O Brasil é o país com maior biodiversidade do planeta. Essa é uma das nossas maiores riquezas. Normalmente, associa-se riqueza àquilo que pode ser arrancado do solo ou do subsolo (sem nunca mais voltar), como minerais em geral e petróleo, o grande tema midiático dos últimos anos, ou então a ganhos financeiros ou industriais.


Ainda é muito recente e estranha à maioria das pessoas a ideia de que em todos os biomas brasileiros há uma enorme riqueza, que pode gerar milhões em empregos e bilhões em reais. Com uma vantagem incomparável: é renovável, se explorada de forma sustentável.
Nas últimas décadas, houve grande aprendizado sobre a biodiversidade, com a mobilização cada vez maior de recursos da pesquisa acadêmica e/ou empresarial para aprender mais sobre seu potencial valor para os brasileiros e para a humanidade. Porém, estamos longe de mobilizar essa riqueza.

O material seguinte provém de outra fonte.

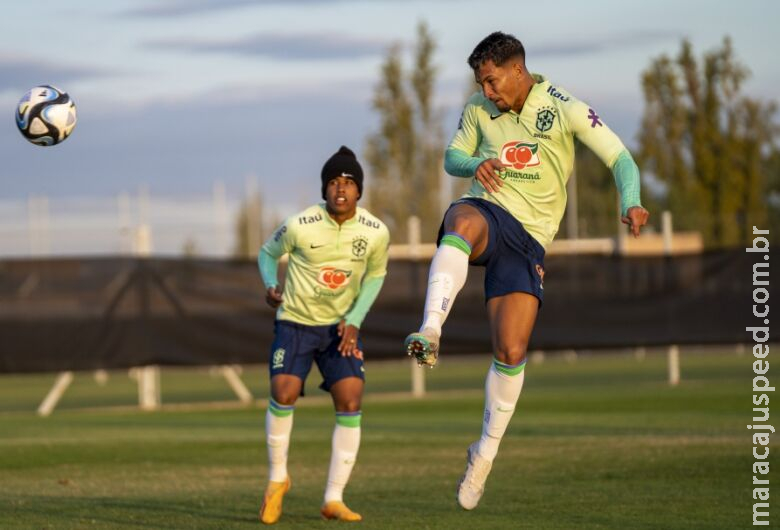 Seleção acerta últimos detalhes antes de estreia no Mundial Seleção acerta últimos detalhes antes de estreia no Mundial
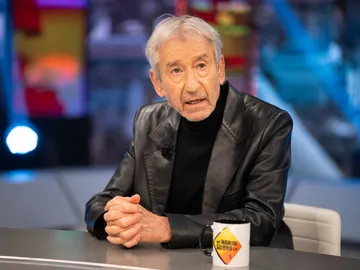 José Sacristán, "encantado" tras vacunarse: "Los tontos negacionistas matan" José Sacristán, "encantado" tras vacunarse: "Los tontos negacionistas matan"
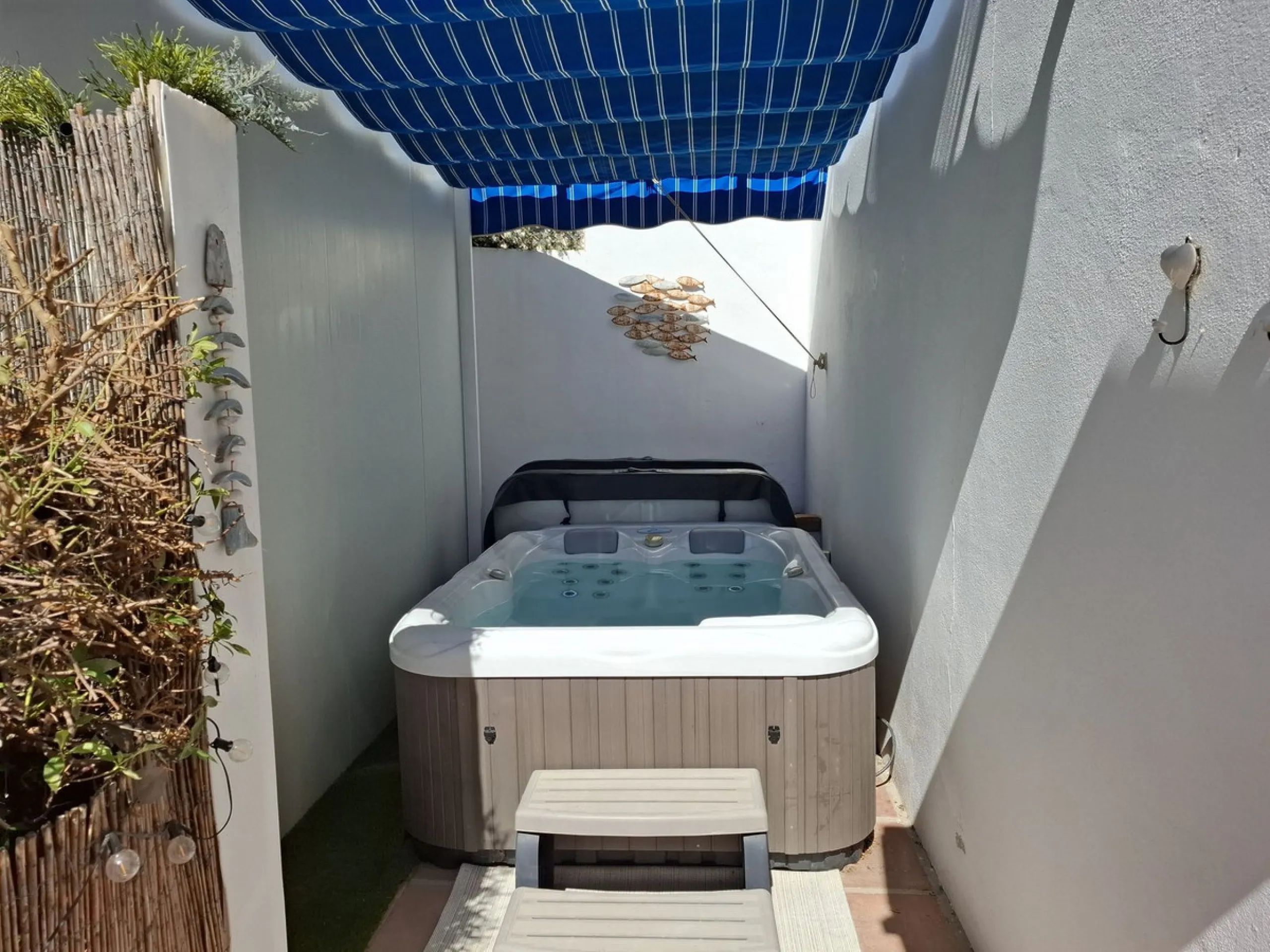Charming 2-Bedroom Townhouse with Panoramic Views in Pueblo Valtocado, Mijas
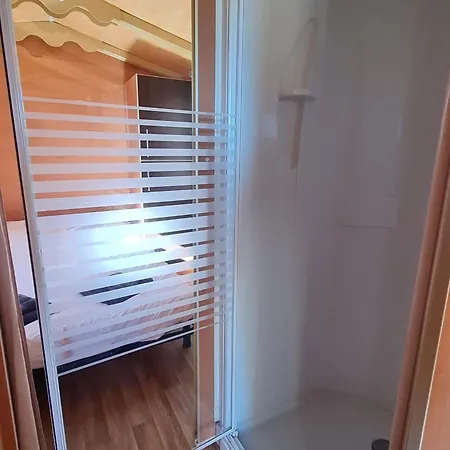 Roulotte Boheme Confortable A La Ferme Pedagogique Pres De Nancy - Fr-1-584-365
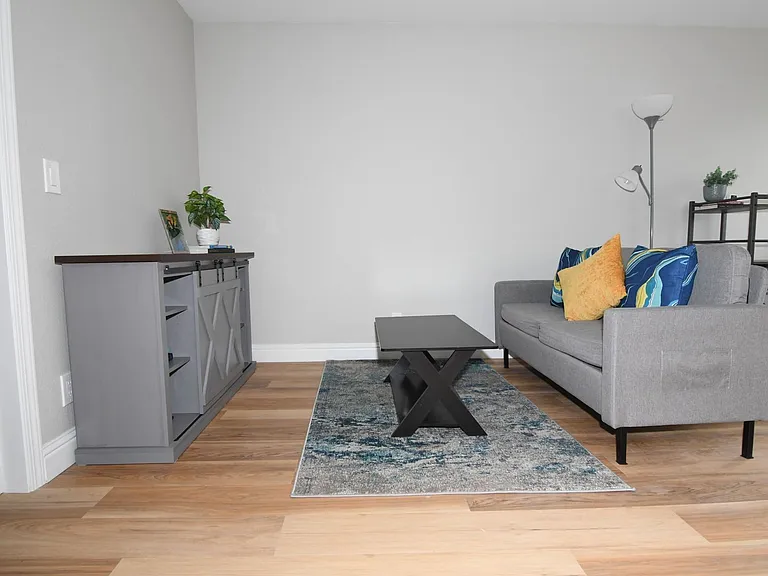 310 Pine St — Photo 21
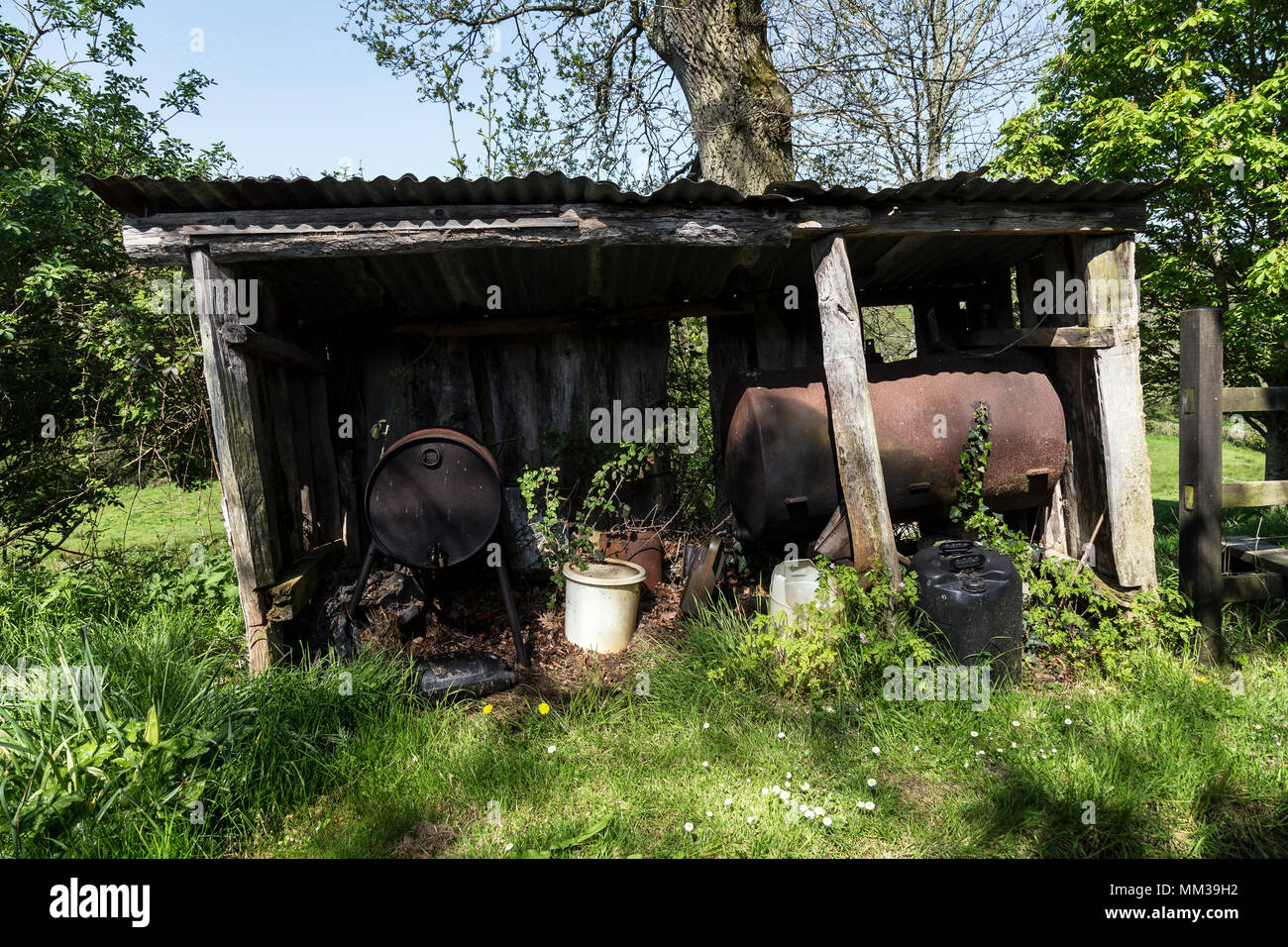 Olio rurale store,un contenitore per il contenimento o la conservazione di olio.,lubrificante di lubrificazione a grasso,fonte di alimentazione, la fonte di calore, combustibili, propellente,travetto, purli Foto Stock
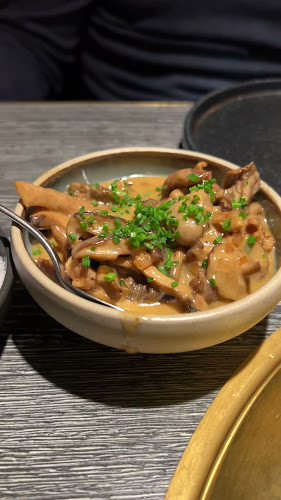 Jonathan Grill - Gastronomi og hotellvirksomhet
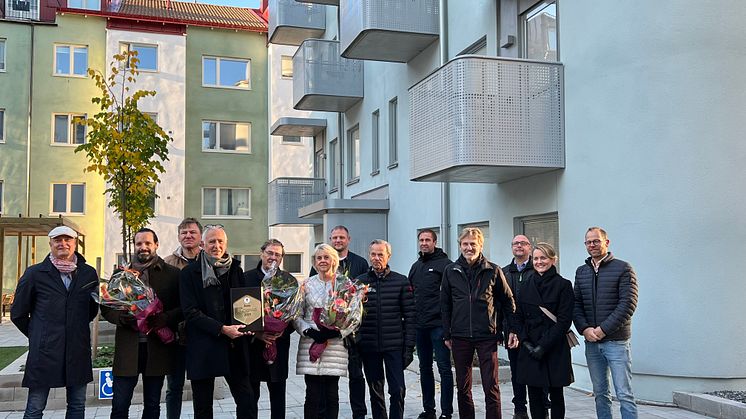 Representanter från Wåhlin Fastigheter, Alferan Förvaltning, Ripellino Arkitekter, MZ Bygg och Sundbybergs stad. Foto: Fredrik Holmberg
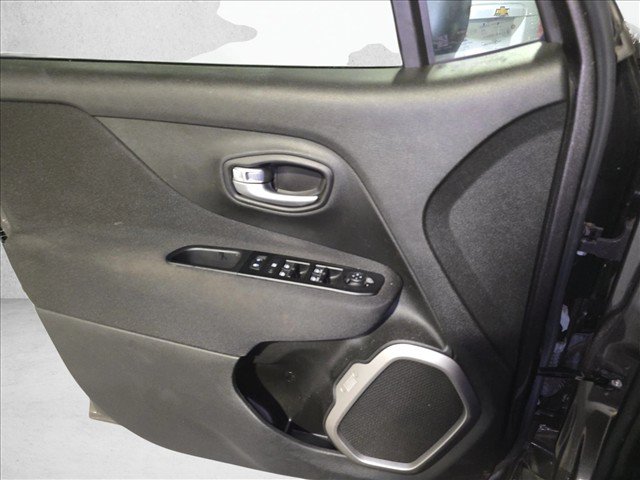 Used 2021 Jeep Renegade Latitude AWD/4WD image 26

Qual seu tamanho potencial?


Não há, de fato, um único estudo que consiga apontar minimamente esse potencial. O Tribunal de Contas da União, em 2006, fez uma projeção de receita anual de US$ 2,4 bilhões (naquele ano), considerando-se apenas as possibilidades no âmbito da indústria farmacêutica.
Há uma enorme riqueza a ser mobilizada. Como o fazer? Qual a base para isso? A Natura tem procurado ser agente positiva e propositiva nesse debate. Esforçamo-nos para gerar riqueza ao Brasil com o uso sustentável da biodiversidade.


Para isso, desenvolvemos nossos negócios com base nos três princípios estabelecidos desde a Eco-92, na Convenção sobre Diversidade Biológica da ONU: conservação, uso sustentável da biodiversidade e repartição justa e equitativa de benefícios. Mas esses princípios são insuficientes para que a biodiversidade brasileira se converta em riqueza do país.
É necessário um marco legal claro e estável. Infelizmente, ainda estamos longe disso. A norma em vigor é a medida provisória 2.186-16.


Ela lança por terra os três fundamentos da Convenção e coloca à frente um único: a autorização da burocracia estatal. Imperfeita e contraditória, a medida cerceia a pesquisa e a livre iniciativa, não protege comunidades indígenas e tradicionais, nem promove o desenvolvimento sustentável.
Ela exige que toda pesquisa envolvendo o acesso a exemplares da flora só se inicie depois da autorização do Conselho de Gestão do Patrimônio Genético (Cgen), do Ministério do Meio Ambiente.
Portanto, o cientista que faz pesquisa pura ou a empresa que faz pesquisa aplicada são obrigados a solicitar autorização prévia.


É possível mudar a lógica legal vigente. Aqui no Brasil há um bom exemplo: o Cade (Conselho Administrativo de Defesa Econômica).


Quando se compra uma empresa ou quando se faz uma fusão não é necessária autorização prévia. O negócio é feito e depois é submetido às autoridades.


Acreditamos que há, no governo e nos legisladores, a intenção de fazer com boa vontade a boa lei. Ela é urgente e indispensável para afirmar o protagonismo nacional no belo desafio que nos lança a riqueza da biodiversidade brasileira.

ALESSANDRO CARLUCCI é diretor-presidente da Natura.